Polen; çiçekli bitkilerde çiçeklerde üretilip “çiçek tozu” olarak da adlandırılan bitkilerin erkek üreme hücreleridir. Mikro düzeydeki büyüklüğe sahip olan polenlerin rengi ve şekli her bitki türüne özel yaratılmıştır. Polenlerin sadece renkleri değil, bunun yanında şekilleri, büyüklükleri, kokuları ve dış görünüşleri de farklılıklar gösterir. Bu özellikler sayesinde polenler insanların parmak izi gibidir, her bitki grubuna özeldir.

Polenlerin her bitki türü için özel yaratılmış olması adli olayların nerede ve ne zaman meydana geldiğini çözmeye yardım eder. Polis kriminal uzmanlarına göre polenler sadece bahar mevsiminde uçuşan tanecikler değildir. Adli palinoloji (polen bilimi) kullanılarak fail, olay yeri, mağdur ve olay zamanı arasında bağlantı kurmak, olay yerinde bırakılan bir delil ile fail arasında bağlantı kurmak, suçu kanıtlamak, mağdurun anlattıklarını doğrulamak, şüphelilerin sayısını azaltmak, polisin doğru yönde araştırma yapmasına yardımcı olmak, çeşitli dolandırıcılık suçlarını aydınlatmak, uyuşturucunun geçtiği güzergahı tespit etmek mümkün olmaktadır.
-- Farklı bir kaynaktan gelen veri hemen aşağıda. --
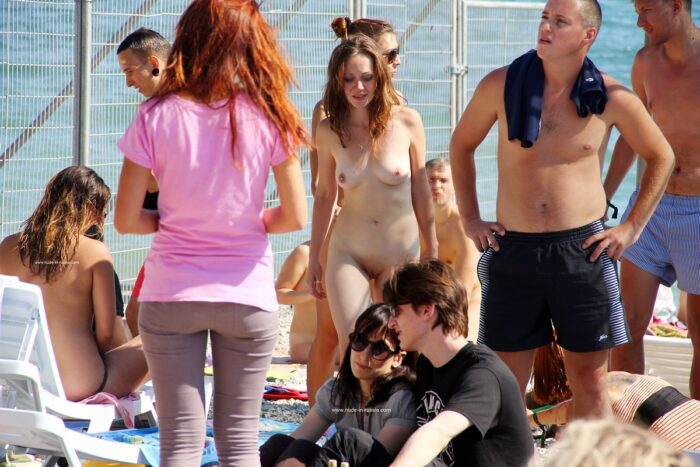 Lots of people look at two shameless young naked girls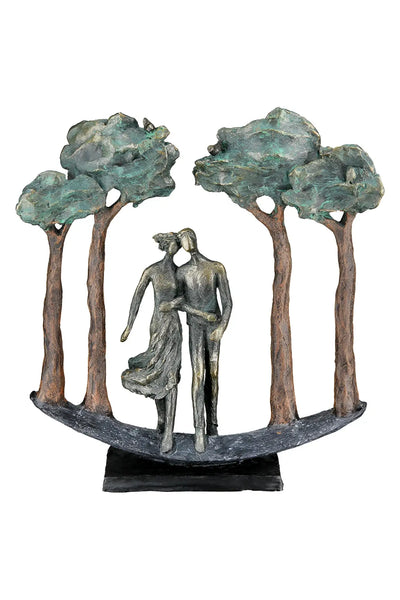 Bronze farbene kunstharz skulptur paar under trees mit vier stilisierten bäumen und grünlichem laub von gilde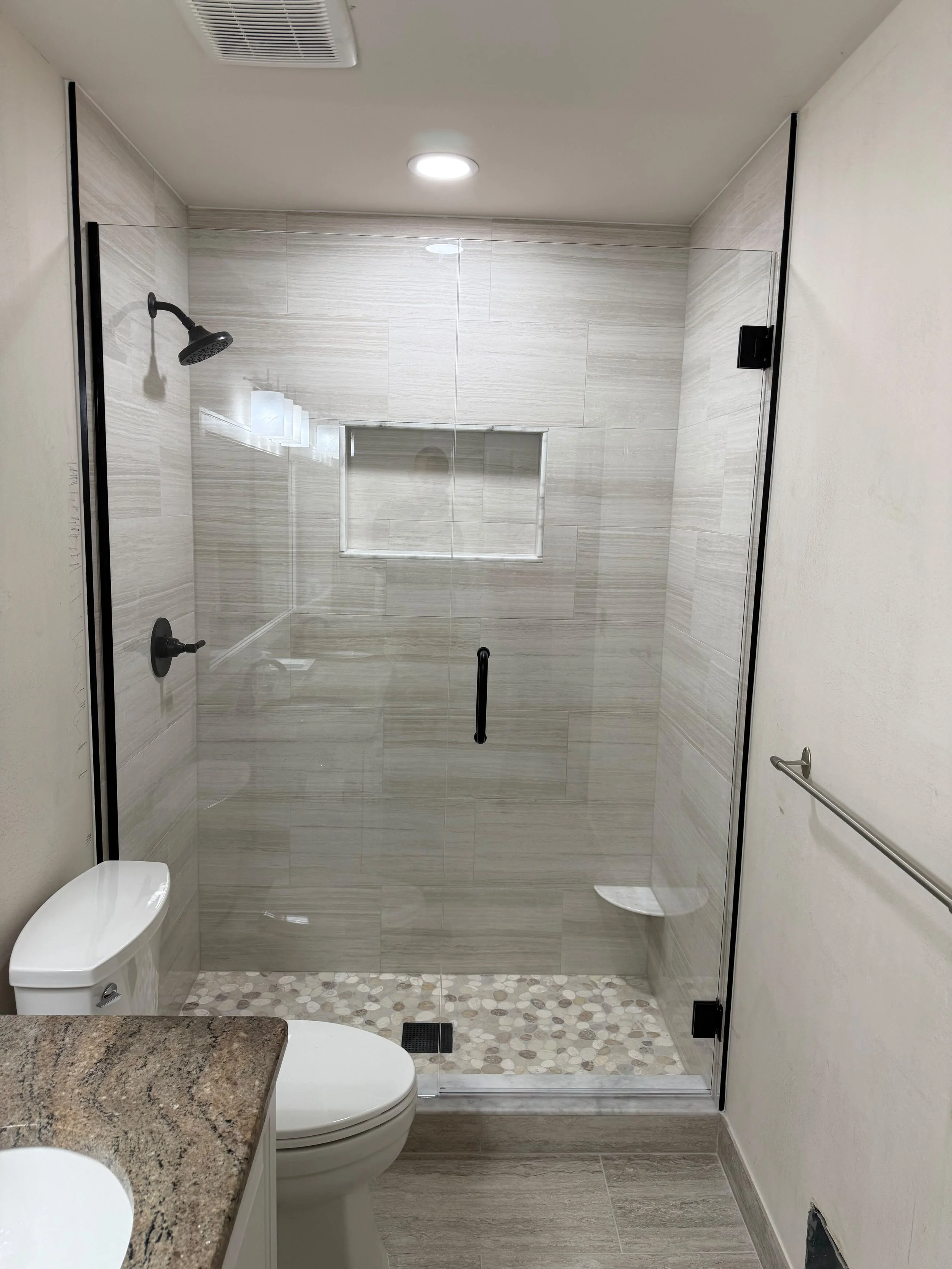 Modern bathroom remodel featuring a frameless glass shower, custom white tile walls, built-in shower niche, black fixtures, and premium flooring by Edilgjoni LLC in Southeast Michigan.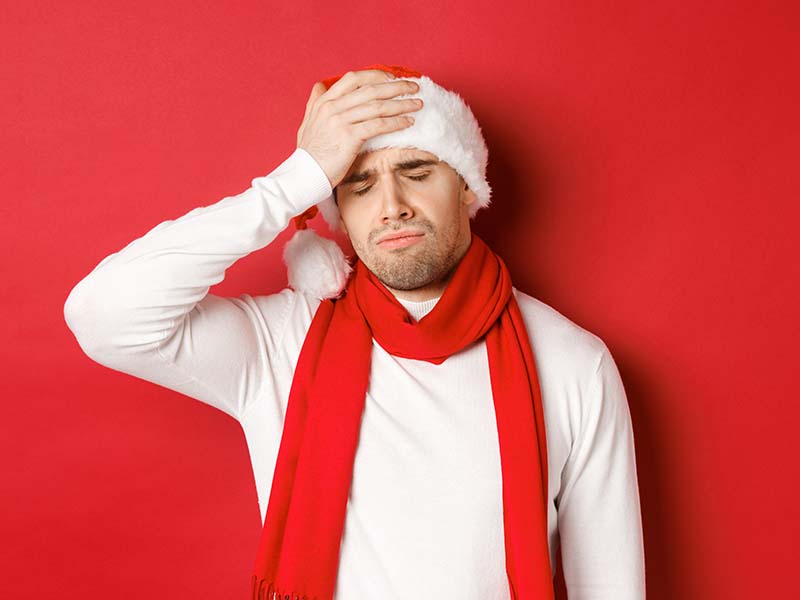 35-benzoix-concept-christmas-winter-holidays-celebration-portrait-sad-frustrated-man-santa-hat.jpg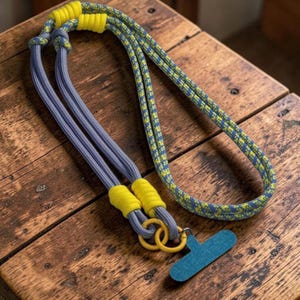 Puede incluir: Un cordón para el cuello con una cuerda larga estampada en azul y amarillo, combinada con secciones de cuerda gris sólida. El diseño incluye detalles de plástico amarillo brillante, dos anillos circulares amarillos y un accesorio azul en forma de T.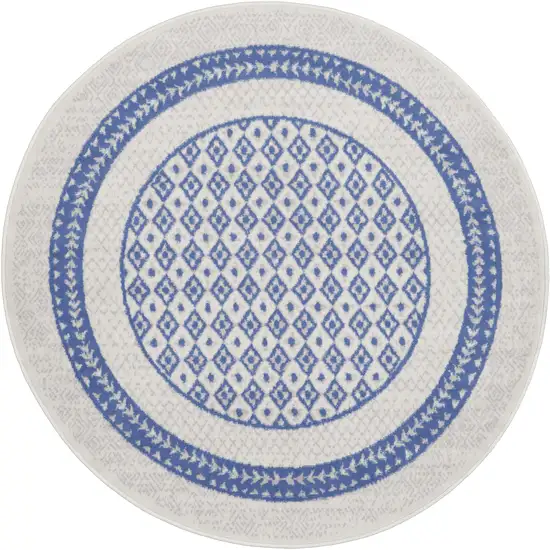 5' Ivory and Blue Geometric Distressed Round Rug Photo 1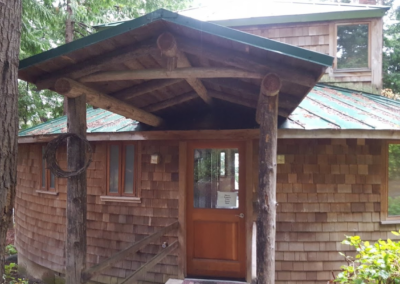The entrance to a brown-shingled yurt cabin at Indralaya Retreat center on Orcas Island, WA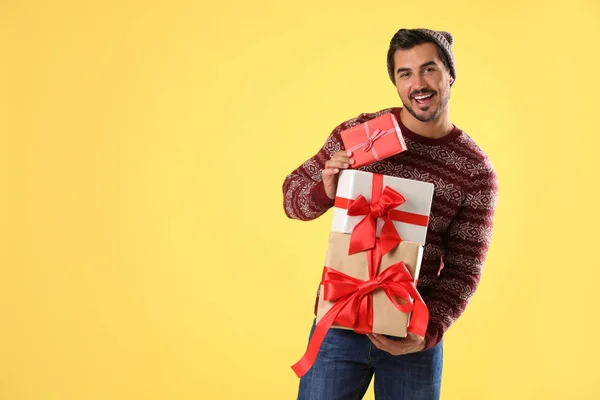 Счастливый человек в рождественском свитере и шляпе держит подарочные коробки на желтом фоне — стоковое фото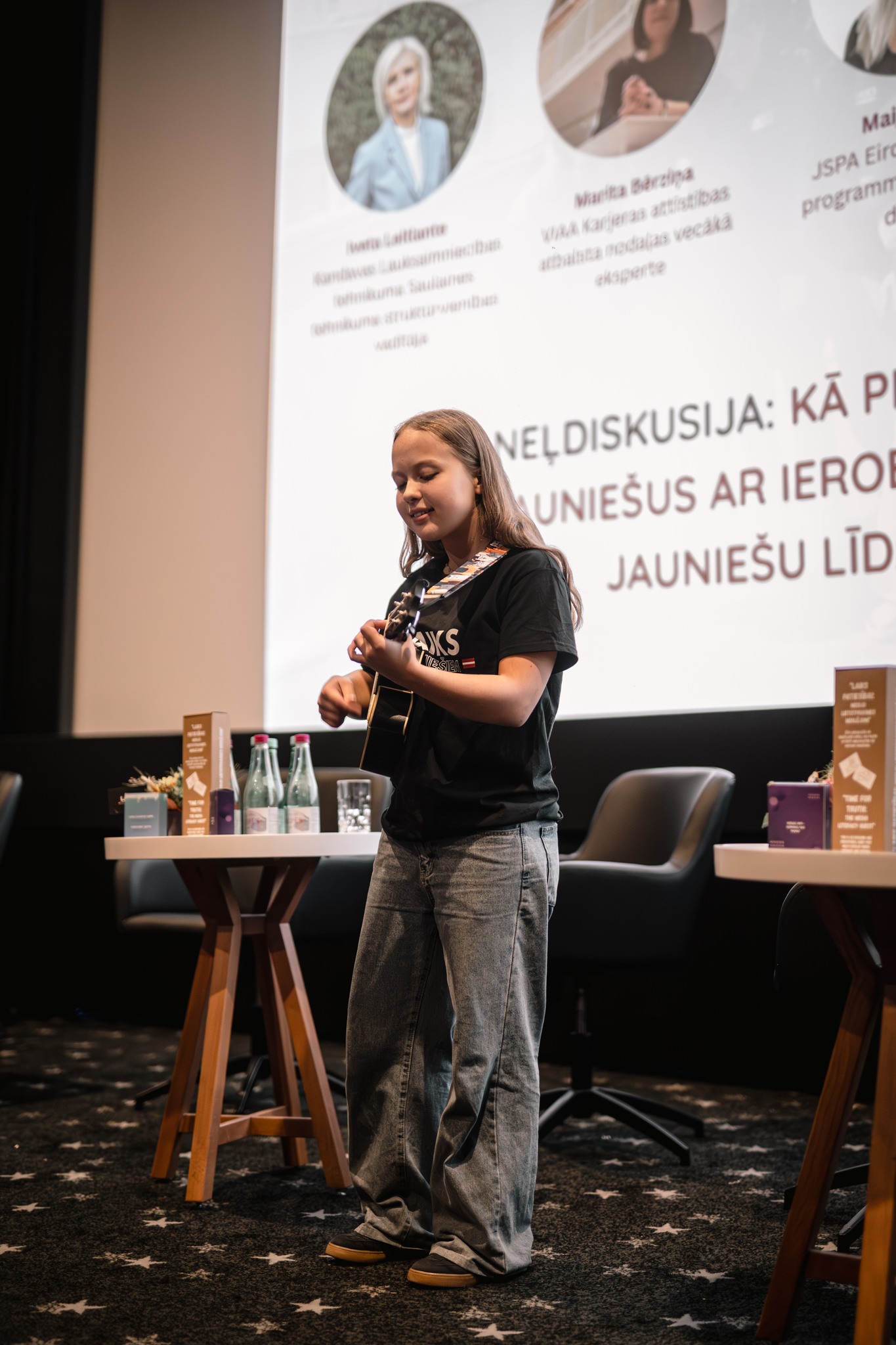 May be an image of 3 people and text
Hemen her yerde bulunabilen ve gözle görülemeyen bu polenler, olay yerinde bulunan kişilerin ve materyallerin üzerine bulaşmış olabilir. Adli palinologlar, cesedin üzerinden veya olay mahallinden alınan polen örnekleri ile bunların doğal olarak bulunduğu yer, zaman, şüpheli şahıslar ve şüpheli objelerle olay mahalli arasında ilişki kurmaya çalışırlar. Polenler, şüphelinin veya mağdurun giysileri, saçları, kulak içi ve solunum yollarına kolayca bulaşabilmektedir.

Örneğin bir ceset üzerindeki çamur, adli palinologlar tarafından incelenir ve içindeki polenler tespit edilir. Böylece cinayetin işlendiği yerin bitki örtüsü hakkında bilgi edinilebilir. Bir bölgede görülen bir ağaç türünden tabiata salınan polenlerin, o bölgeden tamamen farklı bir bölgedeki ceset üzerinde bulunması, maktulün başka yerde öldürülüp taşındığı konusunda uzmanlara bilgi verir.

Her adli olayda suçlu, farkında olmadan ya olay mahallinden bir şey alır ya da oraya kendisinden bir şey bırakır. Yani tabiat her şeye kendi lisanıyla şahitlik eder. Olay yerinden elde edilen deliller olayın çözülmesinde ve hukuk sisteminin doğru işlemesinde oldukça önemli rol üstlenir. Bu noktada “dedektif polenler”, davaların görünmez kahramanları ve suçluların korkulu rüyasıdır.

Hırsızlık Polenler Sayesinde Çözüldü

Polenlerin ilk defa delil olarak 1959 yılında İsveç ve Avusturya’da iki ayrı davada kullanılmış ve mahkemece resmi kayıtlara geçirilmiştir. Türkiye’de palinolojik bulgular ilk defa 2006 yılında bir hırsızlık olayının çözümünde mahkemede delil olarak kullanılmıştır:

Bursa’nın Gemlik ilçesine bağlı bir köydeki ağıldan çalınan 3 koyunun zanlıları polenlerin şahitliği sayesinde yakalandılar. Jandarma ekipleri, bir okulun güvenlik kamerası kayıtlarından içinde 3 tane koyun bulunan bir otomobil geçtiğini belirlediler. Bunun üzerine şüpheli aracın plakası tespit edildi. Yakalanan zanlı, kamera kaydının bulunduğu okul civarından geçtiğini ancak ağıla kesinlikle gitmediğini beyan etti. Kriminal dedektifler, zanlının aracından aldıkları polen numunelerini olay yerindekilerden aldıklarıyla karşılaştırınca zanlının yapacağı bir şey kalmadı.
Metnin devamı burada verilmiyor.